Your goal ▸ Below are the records; copy exactly the stretch from the line containing "Starting off with" through the line containing "This video is", both ends included, and nothing else.

The data ▸
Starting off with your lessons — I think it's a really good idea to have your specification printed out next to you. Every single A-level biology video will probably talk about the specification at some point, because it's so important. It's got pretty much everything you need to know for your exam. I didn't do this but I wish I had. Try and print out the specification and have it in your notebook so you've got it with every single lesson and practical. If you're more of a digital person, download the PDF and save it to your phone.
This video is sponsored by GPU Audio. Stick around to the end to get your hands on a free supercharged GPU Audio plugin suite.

* * *

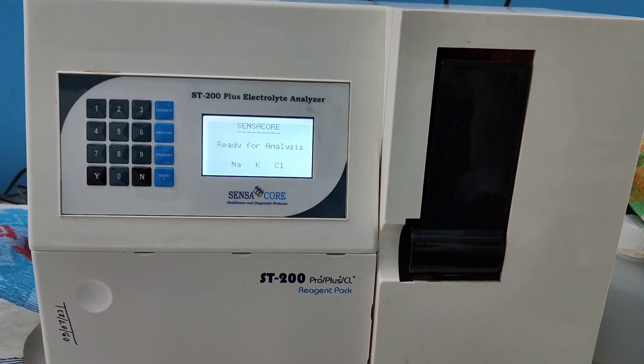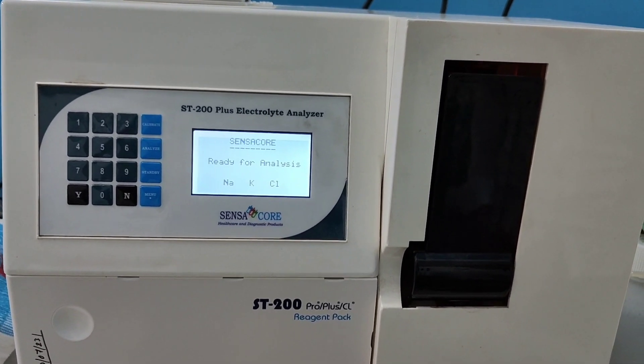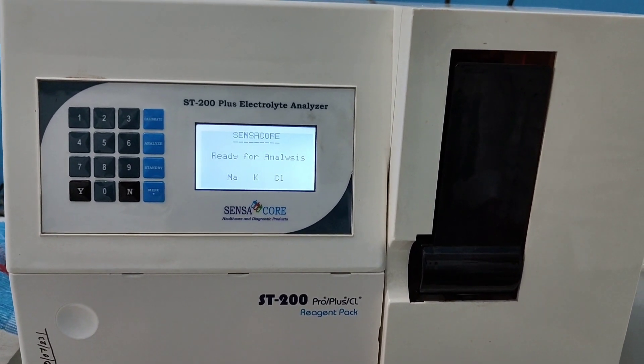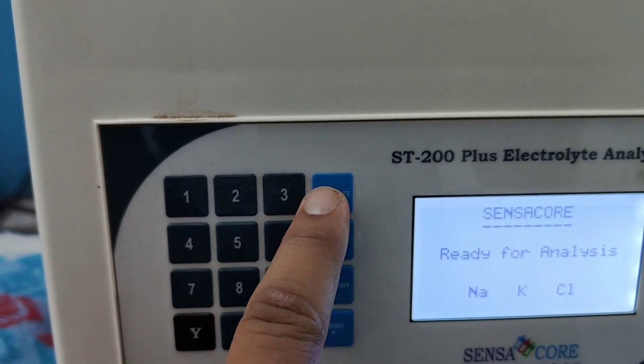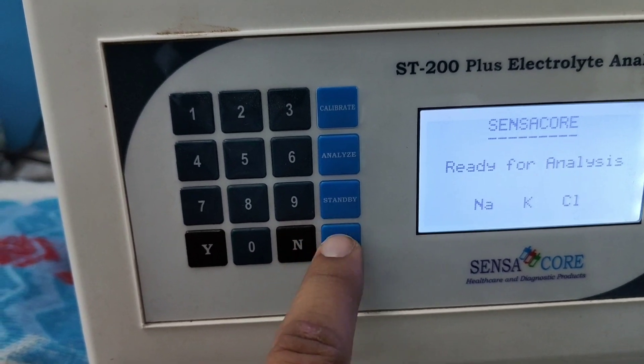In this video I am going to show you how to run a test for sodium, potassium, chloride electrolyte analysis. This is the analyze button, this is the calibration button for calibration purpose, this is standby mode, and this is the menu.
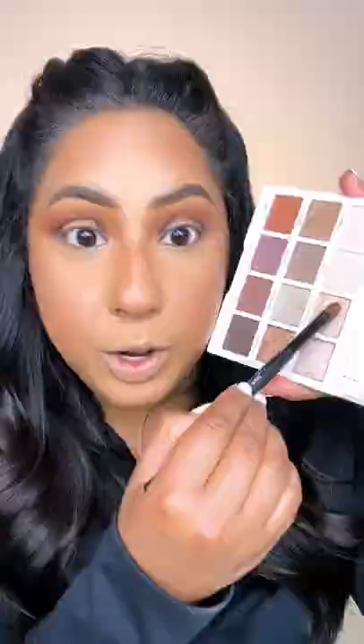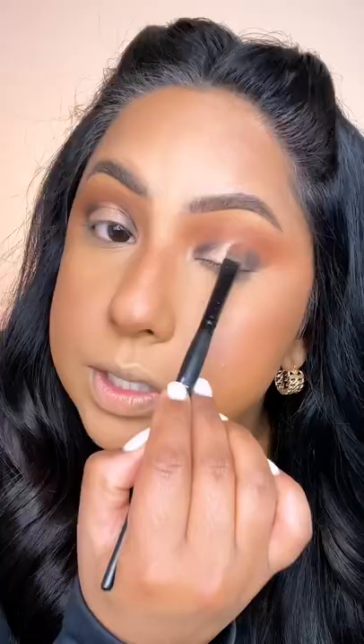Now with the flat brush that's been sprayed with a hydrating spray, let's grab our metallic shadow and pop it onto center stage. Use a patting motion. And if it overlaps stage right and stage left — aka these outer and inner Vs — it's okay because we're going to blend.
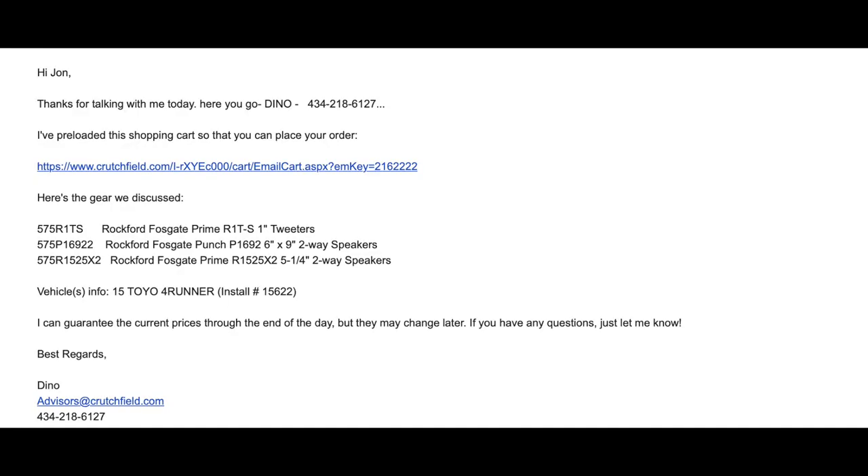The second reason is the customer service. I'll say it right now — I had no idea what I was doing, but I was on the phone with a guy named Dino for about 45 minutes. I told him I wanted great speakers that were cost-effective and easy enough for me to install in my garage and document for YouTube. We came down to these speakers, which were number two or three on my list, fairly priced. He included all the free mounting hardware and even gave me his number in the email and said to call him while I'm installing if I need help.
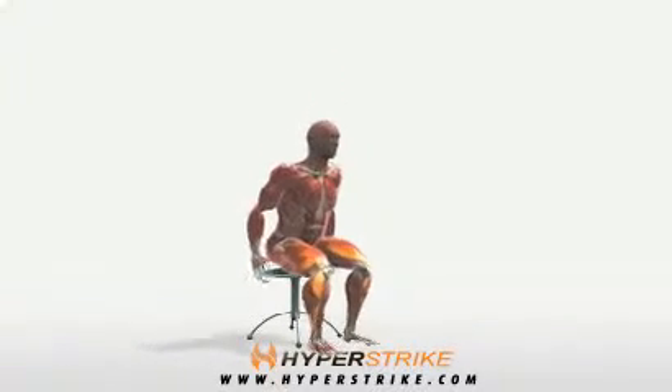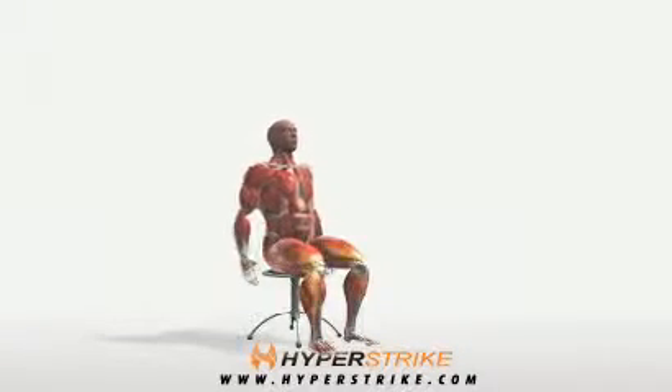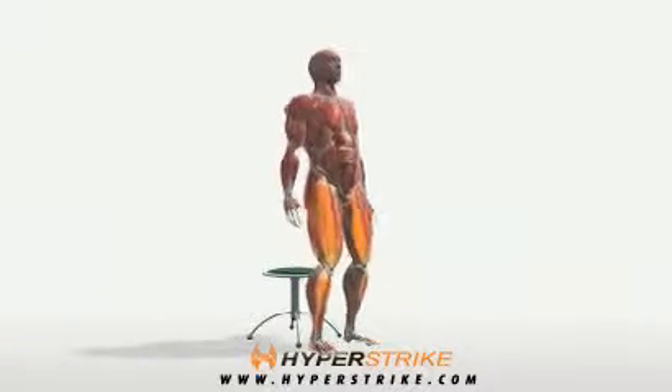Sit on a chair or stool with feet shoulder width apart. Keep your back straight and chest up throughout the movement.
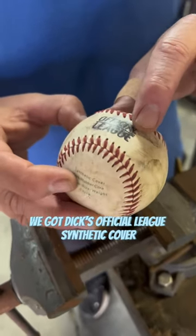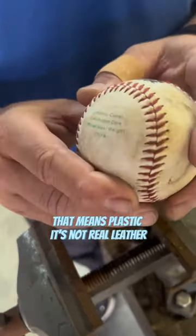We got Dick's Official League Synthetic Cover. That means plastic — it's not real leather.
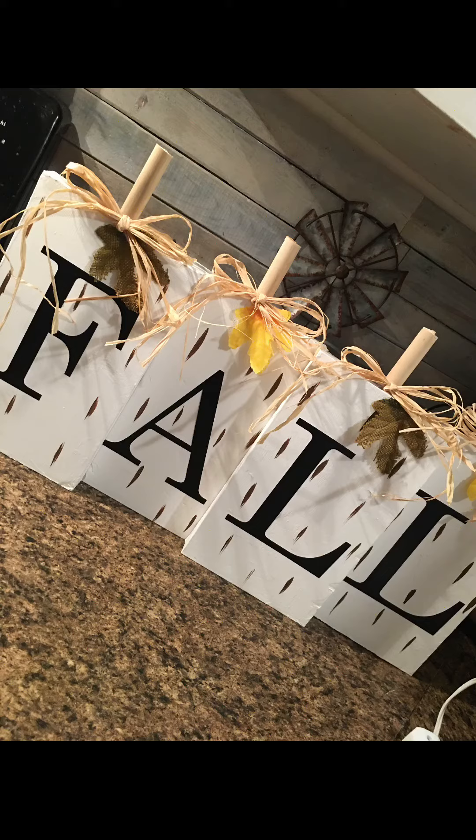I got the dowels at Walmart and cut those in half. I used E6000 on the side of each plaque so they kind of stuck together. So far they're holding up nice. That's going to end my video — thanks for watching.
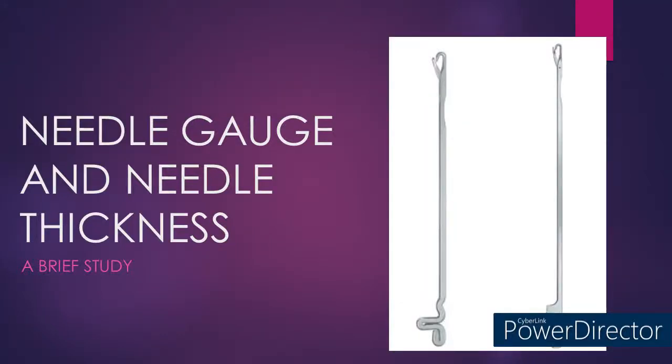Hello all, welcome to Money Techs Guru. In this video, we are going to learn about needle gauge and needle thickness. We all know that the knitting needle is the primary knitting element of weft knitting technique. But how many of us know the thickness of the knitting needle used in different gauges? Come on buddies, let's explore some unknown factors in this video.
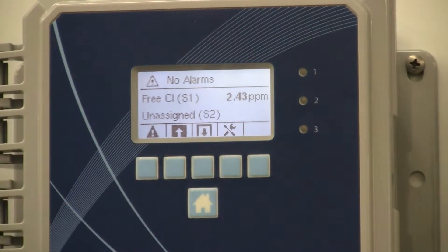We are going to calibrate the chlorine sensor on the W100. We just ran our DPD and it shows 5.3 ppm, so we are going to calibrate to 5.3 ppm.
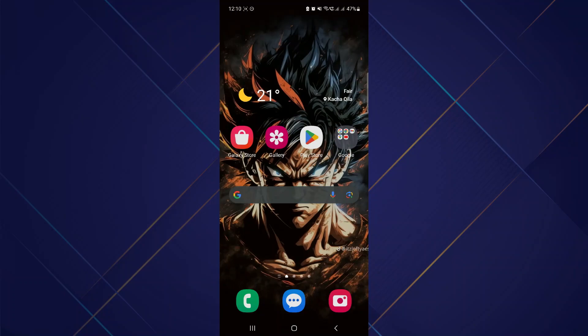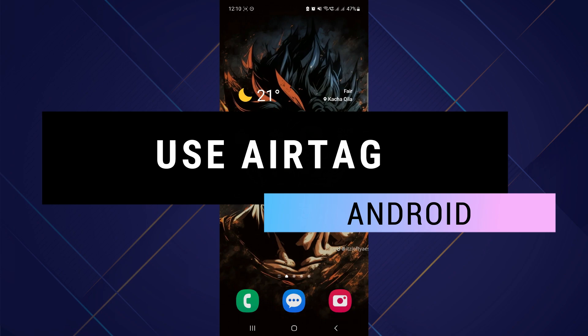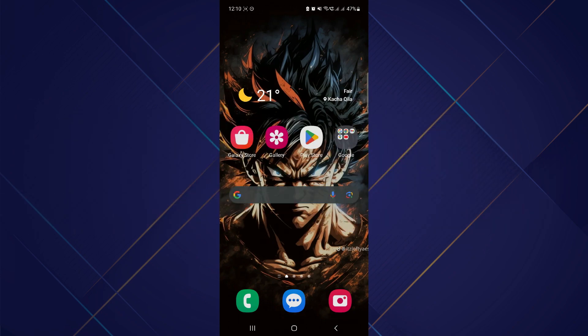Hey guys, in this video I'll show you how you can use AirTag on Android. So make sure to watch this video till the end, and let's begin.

* * *

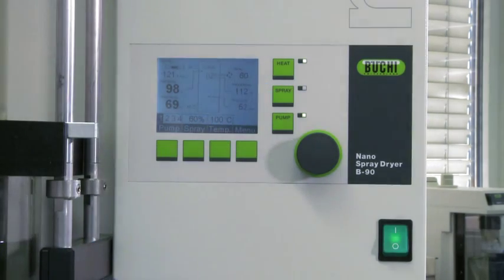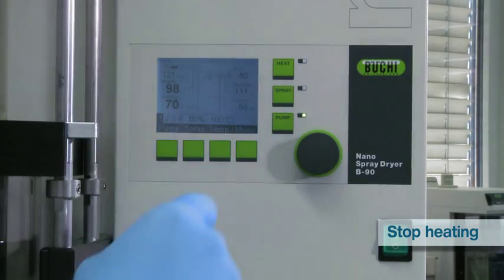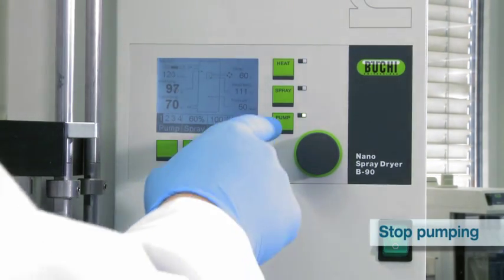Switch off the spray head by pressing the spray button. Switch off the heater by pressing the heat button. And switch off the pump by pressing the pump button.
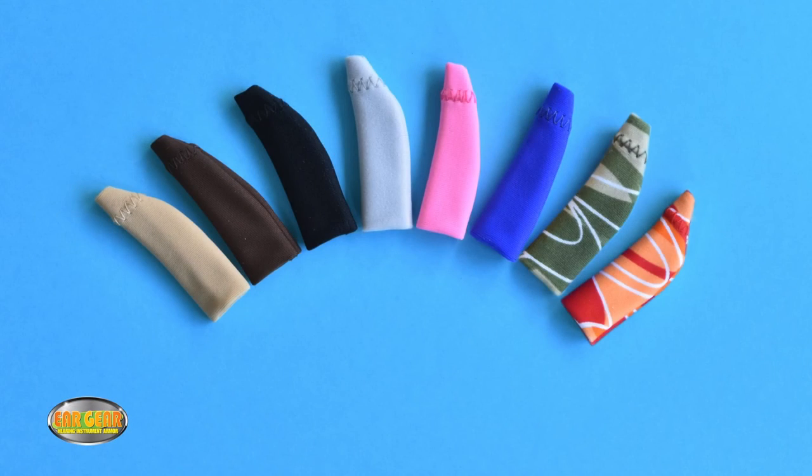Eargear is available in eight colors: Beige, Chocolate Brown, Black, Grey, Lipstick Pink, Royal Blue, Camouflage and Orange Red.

Exercise solution ▸
Starting off with your lessons — I think it's a really good idea to have your specification printed out next to you. Every single A-level biology video will probably talk about the specification at some point, because it's so important. It's got pretty much everything you need to know for your exam. I didn't do this but I wish I had. Try and print out the specification and have it in your notebook so you've got it with every single lesson and practical. If you're more of a digital person, download the PDF and save it to your phone.
This video is sponsored by GPU Audio. Stick around to the end to get your hands on a free supercharged GPU Audio plugin suite.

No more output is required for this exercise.